Figure 16.7 The Petrovka settlement at Tugai on the Zeravshan River: (top) plan of excavation;
(center left) imported redware pottery like that of Sarazm IV;
(center right) two coarse ceramic crucibles from the metal-working area;
(bottom) Petrovka pottery. Adapted from Avanessova 1996.
The steppe immigrants at Tugai brought chariots with them. A grave at Zardcha-Khalifa 1 km east of Sarazm contained a male buried in a contracted pose on his right side, head to the northwest, in a large oval pit, 3.2 m by 2.1 m, with the skeleton of a ram.
20 The grave gifts included three wheel-made Namazga VI ceramic pots, typical of the wares made in Bactrian sites of the BMAC such as Sappali and Dzharkutan; a trough-spouted bronze vessel (typical of BMAC) and fragments of two others; a pair of gold trumpet-shaped earrings; a gold button; a bronze straight-pin with a small cast horse on one end; a stone pestle; two bronze bar bits with looped ends; and two largely complete bone disc-shaped cheekpieces of the Sintashta type, with fragments of two others (
figure 16.8). The two bronze bar bits are the oldest known metal bits anywhere. With the four cheekpieces they suggest equipment for a chariot team. The cheekpieces were a specific Sintashta type (the raised bump around the central hole is the key typological detail), though disc-shaped studded cheekpieces also appeared in many Petrovka graves. Stone pestles also frequently appeared in Sintashta and Petrovka graves. The Zardcha-Khalifa grave probably was that of an immigrant from the north who had acquired many BMAC luxury objects. He was buried with the only known BMAC-made pin with the figure of a horse—perhaps made just for him. The Zardcha-Khalifa chief may have been a horse dealer. The Zeravshan valley and the Ferghana valley just to the north might have become the breeding ground at this time for the fine horses for which they were known in later antiquity.
The fabric-impressed pottery and the sacrificed horse foal at Gonur North and perhaps the Abashevo (?) sherds at Karnab represent the exploratory phase of contact and trade between the northern steppes and the southern urban civilizations about 2100–2000 BCE, during the period when the kings of Ur III still dominated Elam.
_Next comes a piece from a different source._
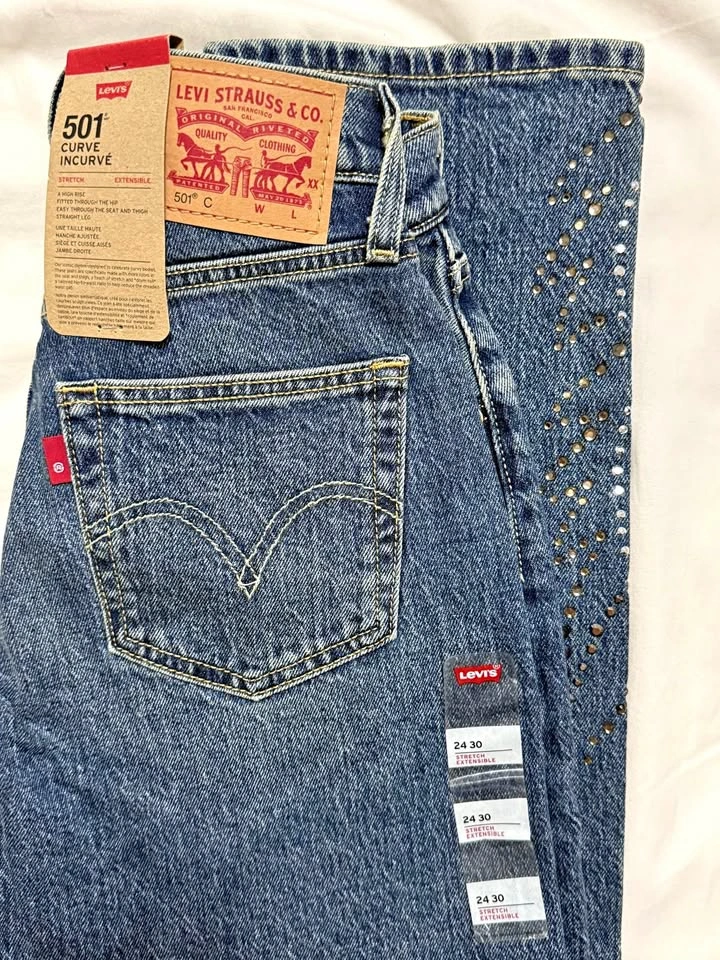 New with tags: Levi’s 501 Curve women’s jeans with rhinestone de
Information and perhaps even cult practices from the south flowed back to early Sintashta societies. On the eastern frontier in Kazakhstan, where Petrovka was budding off from Sintashta, the lure of the south prompted a migration across more than a thousand kilometers of hostile desert. The establishment of the Petrovka metal-working colony at Tugai, probably around 1900 BCE, was the beginning of the second phase, marked by the actual migration of chariot-driving tribes from the north into Central Asia. Sarazm and the irrigation-fed Zaman-Baba villages were abandoned about when the Petrovka miners arrived at Tugai. The steppe tribes quickly appropriated the ore sources of the Zeravshan, and their horses and chariots might have made it impossible for the men of Sarazm to defend themselves.